La Stampa, 28 aprile 2022
I numeri dei morti sul lavoro
In Italia si continua a morire sul lavoro. Anche quest’anno, la giornata mondiale per la salute e la sicurezza ci ricorda i numeri drammatici di questo Paese: tre morti sul lavoro e 1.500 infortuni ogni giorno, praticamente uno al minuto. Una piaga che sembra non trovare soluzione, nonostante tutte le risorse messe in campo negli ultimi mesi. Gli eventi tragici hanno coinvolto anche ragazzi giovanissimi, impiegati in fabbrica nel programma di alternanza tra scuola e lavoro.
Nel primo bimestre del 2022 le denunce di infortunio presentate all’Inail sono state 121.994 (+ 47,6% rispetto allo stesso periodo del 2021), 114 delle quali con esito mortale (+ 9,6%). Crescono le patologie di origine professionale che sono state 8.080 (+3,6%). E i numeri dei primi tre mesi, che verranno resi noti questa mattina, testimoniano che la Spoon River prosegue. C’è stato infatti un picco degli infortuni dovuto all’incremento dei casi da Covid: 48.790 contagi tra gennaio e marzo, con Milano, Torino e Roma che risultano le tre province più colpite.
Complessivamente, nel 2021, le denunce di infortunio erano state 555.236 (+0,2% sul 2020), 1.221 delle quali con esito mortale.
Il "costo" della sicurezza
La maggior parte degli infortuni avviene nelle piccole e medie imprese, dove la formazione è assente e si cerca di risparmiare pure sulla sicurezza.
Il presidente dell’Inail Franco Bettoni sottolinea come «la sicurezza, purtroppo, continua a essere percepita come un costo e non come un investimento e un fattore di successo in termini di competitività e produttività». La prevenzione è uno degli aspetti determinanti per la tutela della salute dei lavoratori, i sindacati lo sanno bene. «Siamo convinti che le relazioni sindacali siano decisive per arrivare a zero infortuni sul lavoro», dice il segretario dei metalmeccanici della Fim Cisl, Roberto Benaglia, che aggiunge: «Certamente per raggiungere questo obiettivo sono importanti gli investimenti in sicurezza, le assunzioni di nuovi ispettori, maggiori controlli e normative pubbliche sempre più stringenti, ma tutto ciò è decisivo dentro sane relazioni sindacali, come già si è dimostrato all’epoca della pandemia».

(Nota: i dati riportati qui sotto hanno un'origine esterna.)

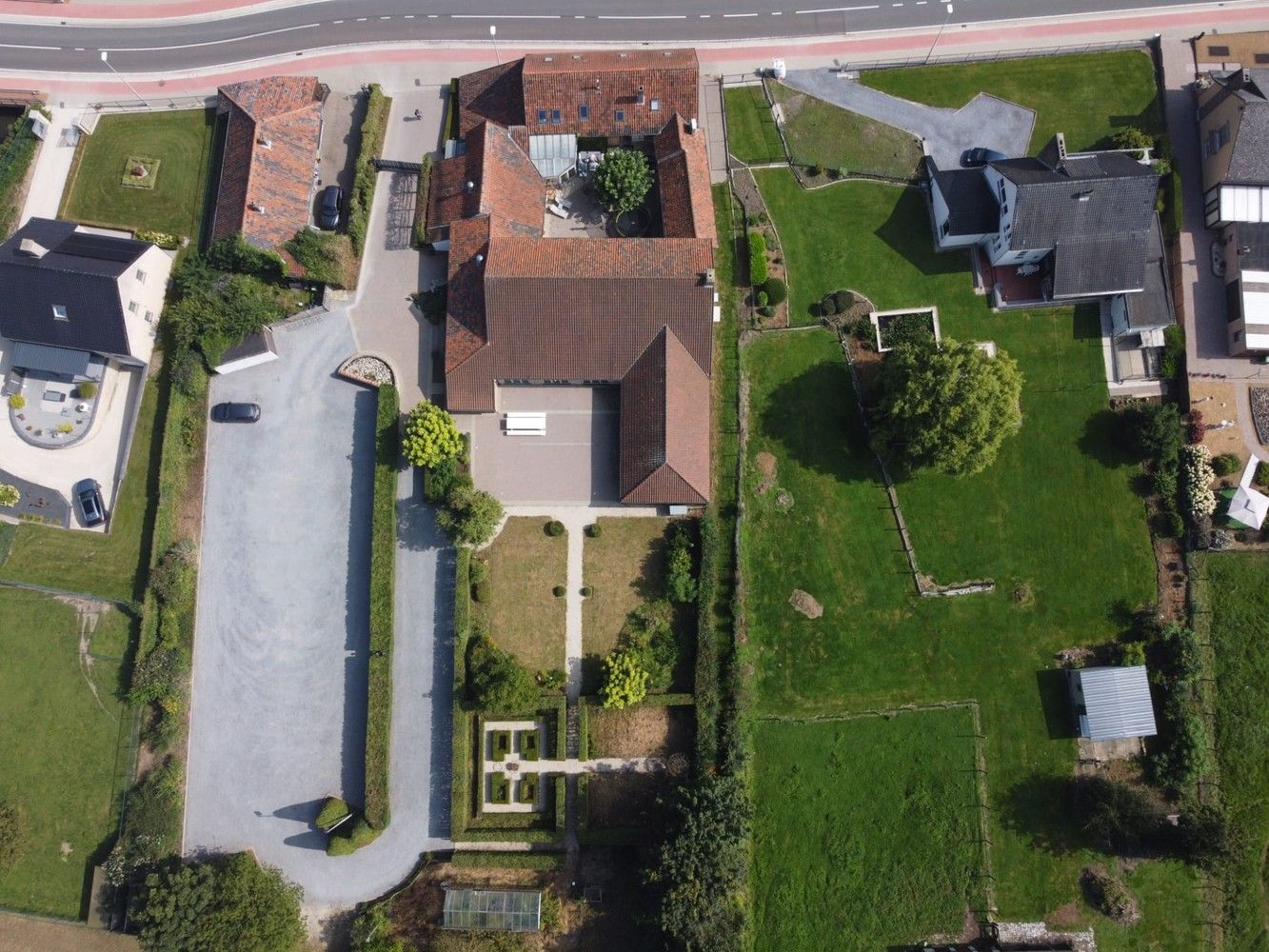 Uniek pand bestaande uit restaurant, grote feestzaal met ruime parking en woning op een domein van maar liefst van 74a. foto 5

La stretta del governo Draghi
A ottobre dello scorso anno il Consiglio dei ministri ha approvato una stretta per le imprese che non rispettano le norme sulla sicurezza. L’imprenditore che viene pizzicato con il 10% di impiegati in nero incappa nella sospensione dell’attività.
C’è stato poi un ampliamento delle competenze degli ispettori, un maggior presidio su tutto il territorio nazionale e un coordinamento delle Asl. L’ispettorato nazionale del lavoro è diventato centrale nella lotta alle morti bianche e dovrà presentare, entro il 30 giugno di ogni anno, una relazione al Parlamento. L’organico degli ispettori dai quattromila attuali aumenterà di altre 2.500 unità da qui all’estate prossima.
I primi risultati hanno garantito un incremento delle verifiche in materia di caporalato del 411% e grazie ai controlli dell’Inl guidato da Bruno Giordano negli ultimi mesi sono state sospese 600 aziende per gravi violazioni, contro le 34 del 2021. Eppure la scia di sangue non si è fermata.
La strategia dell’esecutivo si è concentrata pure sull’implementazione delle banche dati. E’ stato messo a punto il Sinp, il sistema informativo nazionale per la prevenzione e la sicurezza negli uffici e nelle fabbriche. Anche le parti sociali vi possono accedere, alimentando i flussi con dati che riguardano il quadro produttivo, occupazionale e i rischi in un’ottica di genere.
Sul tavolo resta la proposta di istituire una Procura nazionale del lavoro, che potrebbe assicurare una maggior specializzazione degli inquirenti e un coordinamento migliore.
Cantieri far west
Con il boom del Superbonus al 110%, nelle città italiane i cantieri si sono moltiplicati in maniera esponenziale. Il presidente dell’Ance, Gabriele Buia, punta il dito contro «le 12 mila società che si sono iscritte alle Camere di commercio con il codice Ateco delle costruzioni, ma che in realtà con le costruzioni non hanno nulla a che fare». E così l’accelerazione anomala impressa al settore ha creato una situazione in cui diventa difficile reperire ponteggi, materiali e personale qualificato. E qualcuno se ne approfitta tagliando i costi della sicurezza.